Este modo de ver, infelizmente muito generalizado em nossos dias, beneficia largamente nossos adversários, pois desarma toda a nossa reação.
A verdade e o erro não são algo de extrínseco ao espírito humano, como as fichas na gaveta de um fichário. A inteligência, pelo contrário, tende a assimilar este e aquela, por um processo que tem sido merecida e freqüentemente comparado à digestão. Se alguém come pão ou carne, a digestão incorpora ao organismo uma parcela da substância desses alimentos, que ficam fazendo parte da pessoa. Analogamente, se alguém aceita uma doutrina, esta de tal maneira pode chegar a marcar sua personalidade, que se diria figurativamente que tal homem personifica aquela idéia. Como pretender destruir o pão já digerido por uma pessoa, sem ferir esta última em sua carne? E como se pode atacar uma idéia sem atingir em certa medida quem a personifica, quem ipso facto lhe dá vida, atualidade e possibilidades de difusão?

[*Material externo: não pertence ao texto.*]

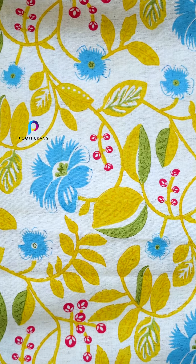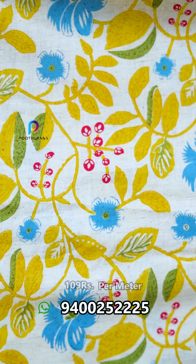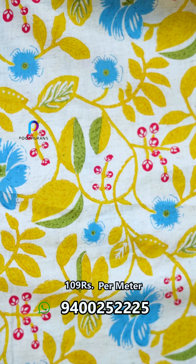Now, we are available for ₹170 per meter. The next one is a yellow shade. This is a pink shade. The price is ₹170 per meter.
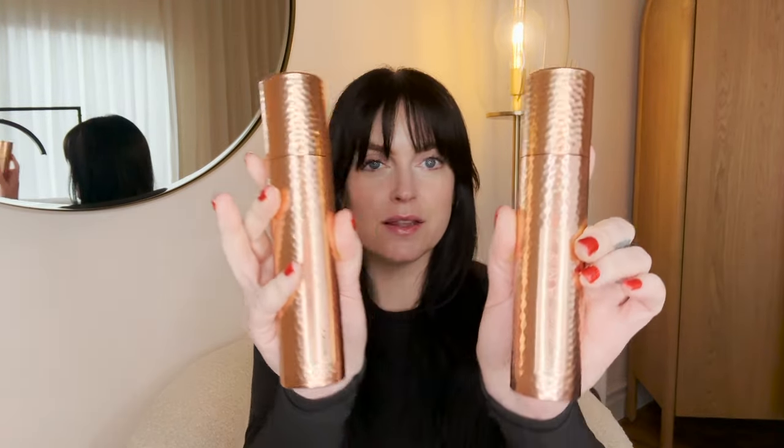Hi everyone, welcome back to the channel. My name is Katie and I'm the organic esthetician. In today's video, I'm going to be sharing my results so far after four weeks of using the Lima laser at home. I'll be walking you through how I've integrated this device into my daily skincare routine, because it does require daily use. Some tips, some tricks, and we'll touch lightly on the Lima skincare — their serum and their cream, which I've started to integrate into my daily skincare routine as well.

Não. A sentença de Santo Agostinho é de sentido óbvio. Ela preceitua que desejemos a humilhação e a derrota do erro, bem como a conversão e a salvação de quem erra. Ela recomenda que usemos, para com quem erra, de toda a suavidade possível. Ela não nos proíbe de utilizar, contra aquele que erra, uma justa severidade, quando isto se torna necessário para o bem da Igreja e a salvação das almas. Nesse sentido, não chega aquela sentença ao ponto de inutilizar no católico a capacidade de ação e de luta contra os autores do erro ou do mal. Muito pelo contrário, os santos souberam sempre conciliar as duas obrigações fundamentais e aparentemente contraditórias, de amar o próximo e de o combater, quando a isto impele o zelo pela glória de Deus e pela salvação das almas.
É disto que nos deu admirável exemplo o Papa São Pio X na Encíclica Pascendi, contra o modernismo, com o monumento de objetividade e lucidez que é aquele imortal ato pontifício.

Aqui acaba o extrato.